#### [WORK INSTRUCTION]
The response should be the data again, identical in every line.

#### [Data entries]
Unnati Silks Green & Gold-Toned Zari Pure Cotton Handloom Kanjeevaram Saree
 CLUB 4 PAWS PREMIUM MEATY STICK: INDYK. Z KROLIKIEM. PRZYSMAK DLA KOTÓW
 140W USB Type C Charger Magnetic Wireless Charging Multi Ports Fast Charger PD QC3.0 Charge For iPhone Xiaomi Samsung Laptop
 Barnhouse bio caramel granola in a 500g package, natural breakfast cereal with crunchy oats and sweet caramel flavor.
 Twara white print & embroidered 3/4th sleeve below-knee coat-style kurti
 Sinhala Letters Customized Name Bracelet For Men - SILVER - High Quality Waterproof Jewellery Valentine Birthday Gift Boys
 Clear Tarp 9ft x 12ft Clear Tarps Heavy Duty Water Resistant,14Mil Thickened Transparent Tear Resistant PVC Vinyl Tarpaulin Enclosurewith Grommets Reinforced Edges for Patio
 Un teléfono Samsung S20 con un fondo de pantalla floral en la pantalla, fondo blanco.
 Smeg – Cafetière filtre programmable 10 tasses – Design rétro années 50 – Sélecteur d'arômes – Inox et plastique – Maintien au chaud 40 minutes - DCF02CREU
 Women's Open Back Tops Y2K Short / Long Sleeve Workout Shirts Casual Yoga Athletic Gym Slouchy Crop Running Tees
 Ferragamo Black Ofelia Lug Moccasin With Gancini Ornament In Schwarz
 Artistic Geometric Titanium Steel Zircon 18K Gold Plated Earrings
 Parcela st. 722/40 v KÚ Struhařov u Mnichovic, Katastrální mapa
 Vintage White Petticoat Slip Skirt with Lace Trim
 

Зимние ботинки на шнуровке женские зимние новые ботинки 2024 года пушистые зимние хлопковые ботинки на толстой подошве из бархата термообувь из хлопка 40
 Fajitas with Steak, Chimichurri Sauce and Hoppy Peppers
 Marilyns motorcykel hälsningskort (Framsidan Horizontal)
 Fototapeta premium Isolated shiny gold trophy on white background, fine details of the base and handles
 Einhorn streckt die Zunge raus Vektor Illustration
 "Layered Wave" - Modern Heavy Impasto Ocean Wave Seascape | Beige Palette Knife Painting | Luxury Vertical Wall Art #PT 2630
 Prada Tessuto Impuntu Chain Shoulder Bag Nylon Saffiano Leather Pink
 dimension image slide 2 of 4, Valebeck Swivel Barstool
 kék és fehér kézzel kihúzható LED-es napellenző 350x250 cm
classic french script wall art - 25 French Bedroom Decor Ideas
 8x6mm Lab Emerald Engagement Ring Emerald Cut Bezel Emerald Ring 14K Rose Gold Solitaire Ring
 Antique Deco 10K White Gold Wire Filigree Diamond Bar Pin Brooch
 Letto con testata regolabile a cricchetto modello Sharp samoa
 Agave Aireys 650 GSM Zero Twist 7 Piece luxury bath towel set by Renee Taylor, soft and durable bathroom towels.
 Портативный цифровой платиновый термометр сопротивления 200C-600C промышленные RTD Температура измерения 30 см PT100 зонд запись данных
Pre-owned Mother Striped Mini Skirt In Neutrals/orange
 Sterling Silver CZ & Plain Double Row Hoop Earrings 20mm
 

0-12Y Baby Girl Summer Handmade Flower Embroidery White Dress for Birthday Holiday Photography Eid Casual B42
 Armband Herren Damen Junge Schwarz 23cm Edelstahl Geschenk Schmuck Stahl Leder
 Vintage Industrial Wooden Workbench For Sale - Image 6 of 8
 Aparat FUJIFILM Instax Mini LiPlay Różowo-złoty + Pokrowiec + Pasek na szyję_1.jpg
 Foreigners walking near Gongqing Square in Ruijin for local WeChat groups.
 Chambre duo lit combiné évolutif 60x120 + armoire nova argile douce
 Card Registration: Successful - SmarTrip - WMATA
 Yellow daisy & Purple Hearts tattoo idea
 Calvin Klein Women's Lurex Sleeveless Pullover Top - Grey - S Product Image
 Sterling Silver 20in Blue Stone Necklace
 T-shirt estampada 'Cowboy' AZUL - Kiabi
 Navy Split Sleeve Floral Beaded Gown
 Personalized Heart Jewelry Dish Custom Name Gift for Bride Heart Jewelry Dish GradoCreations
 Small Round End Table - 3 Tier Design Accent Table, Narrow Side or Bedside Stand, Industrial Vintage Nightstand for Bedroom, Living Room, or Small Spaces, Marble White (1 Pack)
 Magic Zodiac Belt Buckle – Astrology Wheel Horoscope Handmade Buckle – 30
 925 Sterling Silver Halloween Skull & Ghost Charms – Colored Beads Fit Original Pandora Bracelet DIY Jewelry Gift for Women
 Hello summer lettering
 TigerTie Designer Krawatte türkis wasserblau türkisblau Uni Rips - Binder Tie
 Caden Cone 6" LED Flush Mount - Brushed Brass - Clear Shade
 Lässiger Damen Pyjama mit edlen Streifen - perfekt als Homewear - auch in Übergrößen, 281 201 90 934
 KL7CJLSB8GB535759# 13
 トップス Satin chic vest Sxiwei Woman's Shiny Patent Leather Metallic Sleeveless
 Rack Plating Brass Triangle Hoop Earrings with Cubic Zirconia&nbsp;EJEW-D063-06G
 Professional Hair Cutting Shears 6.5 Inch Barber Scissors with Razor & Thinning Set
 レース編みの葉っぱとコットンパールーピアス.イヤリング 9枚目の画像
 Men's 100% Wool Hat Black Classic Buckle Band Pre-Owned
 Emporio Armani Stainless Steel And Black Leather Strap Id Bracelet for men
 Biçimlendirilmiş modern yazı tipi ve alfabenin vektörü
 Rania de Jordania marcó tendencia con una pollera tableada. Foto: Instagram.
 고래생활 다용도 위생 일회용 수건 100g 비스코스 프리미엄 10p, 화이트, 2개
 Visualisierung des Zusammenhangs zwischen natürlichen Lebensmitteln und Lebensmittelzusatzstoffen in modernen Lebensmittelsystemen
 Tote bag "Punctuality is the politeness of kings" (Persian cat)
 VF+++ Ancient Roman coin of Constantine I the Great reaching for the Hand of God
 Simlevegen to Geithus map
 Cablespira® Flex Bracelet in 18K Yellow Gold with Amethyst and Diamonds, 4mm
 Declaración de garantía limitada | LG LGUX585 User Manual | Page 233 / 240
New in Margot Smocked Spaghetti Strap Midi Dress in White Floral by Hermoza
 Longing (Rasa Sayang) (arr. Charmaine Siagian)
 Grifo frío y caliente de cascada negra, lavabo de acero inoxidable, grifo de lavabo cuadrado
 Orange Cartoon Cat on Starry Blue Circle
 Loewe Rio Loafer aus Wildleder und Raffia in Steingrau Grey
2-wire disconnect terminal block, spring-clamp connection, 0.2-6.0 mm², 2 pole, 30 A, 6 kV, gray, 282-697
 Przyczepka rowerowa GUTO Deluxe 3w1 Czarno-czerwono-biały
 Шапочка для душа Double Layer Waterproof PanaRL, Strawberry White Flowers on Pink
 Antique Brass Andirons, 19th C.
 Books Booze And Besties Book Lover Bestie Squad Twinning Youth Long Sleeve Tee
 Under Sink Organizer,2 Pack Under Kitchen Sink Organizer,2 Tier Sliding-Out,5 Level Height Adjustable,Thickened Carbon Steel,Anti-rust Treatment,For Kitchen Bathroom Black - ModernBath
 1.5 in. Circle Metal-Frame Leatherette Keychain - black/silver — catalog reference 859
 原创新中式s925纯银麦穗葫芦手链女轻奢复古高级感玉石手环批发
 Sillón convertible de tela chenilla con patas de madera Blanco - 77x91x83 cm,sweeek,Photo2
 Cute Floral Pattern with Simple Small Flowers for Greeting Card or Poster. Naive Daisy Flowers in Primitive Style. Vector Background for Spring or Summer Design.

#### [FINISHED TASK]
Unnati Silks Green & Gold-Toned Zari Pure Cotton Handloom Kanjeevaram Saree
 CLUB 4 PAWS PREMIUM MEATY STICK: INDYK. Z KROLIKIEM. PRZYSMAK DLA KOTÓW
 140W USB Type C Charger Magnetic Wireless Charging Multi Ports Fast Charger PD QC3.0 Charge For iPhone Xiaomi Samsung Laptop
 Barnhouse bio caramel granola in a 500g package, natural breakfast cereal with crunchy oats and sweet caramel flavor.
 Twara white print & embroidered 3/4th sleeve below-knee coat-style kurti
 Sinhala Letters Customized Name Bracelet For Men - SILVER - High Quality Waterproof Jewellery Valentine Birthday Gift Boys
 Clear Tarp 9ft x 12ft Clear Tarps Heavy Duty Water Resistant,14Mil Thickened Transparent Tear Resistant PVC Vinyl Tarpaulin Enclosurewith Grommets Reinforced Edges for Patio
 Un teléfono Samsung S20 con un fondo de pantalla floral en la pantalla, fondo blanco.
 Smeg – Cafetière filtre programmable 10 tasses – Design rétro années 50 – Sélecteur d'arômes – Inox et plastique – Maintien au chaud 40 minutes - DCF02CREU
 Women's Open Back Tops Y2K Short / Long Sleeve Workout Shirts Casual Yoga Athletic Gym Slouchy Crop Running Tees
 Ferragamo Black Ofelia Lug Moccasin With Gancini Ornament In Schwarz
 Artistic Geometric Titanium Steel Zircon 18K Gold Plated Earrings
 Parcela st. 722/40 v KÚ Struhařov u Mnichovic, Katastrální mapa
 Vintage White Petticoat Slip Skirt with Lace Trim
 

Зимние ботинки на шнуровке женские зимние новые ботинки 2024 года пушистые зимние хлопковые ботинки на толстой подошве из бархата термообувь из хлопка 40
 Fajitas with Steak, Chimichurri Sauce and Hoppy Peppers
 Marilyns motorcykel hälsningskort (Framsidan Horizontal)
 Fototapeta premium Isolated shiny gold trophy on white background, fine details of the base and handles
 Einhorn streckt die Zunge raus Vektor Illustration
 "Layered Wave" - Modern Heavy Impasto Ocean Wave Seascape | Beige Palette Knife Painting | Luxury Vertical Wall Art #PT 2630
 Prada Tessuto Impuntu Chain Shoulder Bag Nylon Saffiano Leather Pink
 dimension image slide 2 of 4, Valebeck Swivel Barstool
 kék és fehér kézzel kihúzható LED-es napellenző 350x250 cm
classic french script wall art - 25 French Bedroom Decor Ideas
 8x6mm Lab Emerald Engagement Ring Emerald Cut Bezel Emerald Ring 14K Rose Gold Solitaire Ring
 Antique Deco 10K White Gold Wire Filigree Diamond Bar Pin Brooch
 Letto con testata regolabile a cricchetto modello Sharp samoa
 Agave Aireys 650 GSM Zero Twist 7 Piece luxury bath towel set by Renee Taylor, soft and durable bathroom towels.
 Портативный цифровой платиновый термометр сопротивления 200C-600C промышленные RTD Температура измерения 30 см PT100 зонд запись данных
Pre-owned Mother Striped Mini Skirt In Neutrals/orange
 Sterling Silver CZ & Plain Double Row Hoop Earrings 20mm
 

0-12Y Baby Girl Summer Handmade Flower Embroidery White Dress for Birthday Holiday Photography Eid Casual B42
 Armband Herren Damen Junge Schwarz 23cm Edelstahl Geschenk Schmuck Stahl Leder
 Vintage Industrial Wooden Workbench For Sale - Image 6 of 8
 Aparat FUJIFILM Instax Mini LiPlay Różowo-złoty + Pokrowiec + Pasek na szyję_1.jpg
 Foreigners walking near Gongqing Square in Ruijin for local WeChat groups.
 Chambre duo lit combiné évolutif 60x120 + armoire nova argile douce
 Card Registration: Successful - SmarTrip - WMATA
 Yellow daisy & Purple Hearts tattoo idea
 Calvin Klein Women's Lurex Sleeveless Pullover Top - Grey - S Product Image
 Sterling Silver 20in Blue Stone Necklace
 T-shirt estampada 'Cowboy' AZUL - Kiabi
 Navy Split Sleeve Floral Beaded Gown
 Personalized Heart Jewelry Dish Custom Name Gift for Bride Heart Jewelry Dish GradoCreations
 Small Round End Table - 3 Tier Design Accent Table, Narrow Side or Bedside Stand, Industrial Vintage Nightstand for Bedroom, Living Room, or Small Spaces, Marble White (1 Pack)
 Magic Zodiac Belt Buckle – Astrology Wheel Horoscope Handmade Buckle – 30
 925 Sterling Silver Halloween Skull & Ghost Charms – Colored Beads Fit Original Pandora Bracelet DIY Jewelry Gift for Women
 Hello summer lettering
 TigerTie Designer Krawatte türkis wasserblau türkisblau Uni Rips - Binder Tie
 Caden Cone 6" LED Flush Mount - Brushed Brass - Clear Shade
 Lässiger Damen Pyjama mit edlen Streifen - perfekt als Homewear - auch in Übergrößen, 281 201 90 934
 KL7CJLSB8GB535759# 13
 トップス Satin chic vest Sxiwei Woman's Shiny Patent Leather Metallic Sleeveless
 Rack Plating Brass Triangle Hoop Earrings with Cubic Zirconia&nbsp;EJEW-D063-06G
 Professional Hair Cutting Shears 6.5 Inch Barber Scissors with Razor & Thinning Set
 レース編みの葉っぱとコットンパールーピアス.イヤリング 9枚目の画像
 Men's 100% Wool Hat Black Classic Buckle Band Pre-Owned
 Emporio Armani Stainless Steel And Black Leather Strap Id Bracelet for men
 Biçimlendirilmiş modern yazı tipi ve alfabenin vektörü
 Rania de Jordania marcó tendencia con una pollera tableada. Foto: Instagram.
 고래생활 다용도 위생 일회용 수건 100g 비스코스 프리미엄 10p, 화이트, 2개
 Visualisierung des Zusammenhangs zwischen natürlichen Lebensmitteln und Lebensmittelzusatzstoffen in modernen Lebensmittelsystemen
 Tote bag "Punctuality is the politeness of kings" (Persian cat)
 VF+++ Ancient Roman coin of Constantine I the Great reaching for the Hand of God
 Simlevegen to Geithus map
 Cablespira® Flex Bracelet in 18K Yellow Gold with Amethyst and Diamonds, 4mm
 Declaración de garantía limitada | LG LGUX585 User Manual | Page 233 / 240
New in Margot Smocked Spaghetti Strap Midi Dress in White Floral by Hermoza
 Longing (Rasa Sayang) (arr. Charmaine Siagian)
 Grifo frío y caliente de cascada negra, lavabo de acero inoxidable, grifo de lavabo cuadrado
 Orange Cartoon Cat on Starry Blue Circle
 Loewe Rio Loafer aus Wildleder und Raffia in Steingrau Grey
2-wire disconnect terminal block, spring-clamp connection, 0.2-6.0 mm², 2 pole, 30 A, 6 kV, gray, 282-697
 Przyczepka rowerowa GUTO Deluxe 3w1 Czarno-czerwono-biały
 Шапочка для душа Double Layer Waterproof PanaRL, Strawberry White Flowers on Pink
 Antique Brass Andirons, 19th C.
 Books Booze And Besties Book Lover Bestie Squad Twinning Youth Long Sleeve Tee
 Under Sink Organizer,2 Pack Under Kitchen Sink Organizer,2 Tier Sliding-Out,5 Level Height Adjustable,Thickened Carbon Steel,Anti-rust Treatment,For Kitchen Bathroom Black - ModernBath
 1.5 in. Circle Metal-Frame Leatherette Keychain - black/silver — catalog reference 859
 原创新中式s925纯银麦穗葫芦手链女轻奢复古高级感玉石手环批发
 Sillón convertible de tela chenilla con patas de madera Blanco - 77x91x83 cm,sweeek,Photo2
 Cute Floral Pattern with Simple Small Flowers for Greeting Card or Poster. Naive Daisy Flowers in Primitive Style. Vector Background for Spring or Summer Design.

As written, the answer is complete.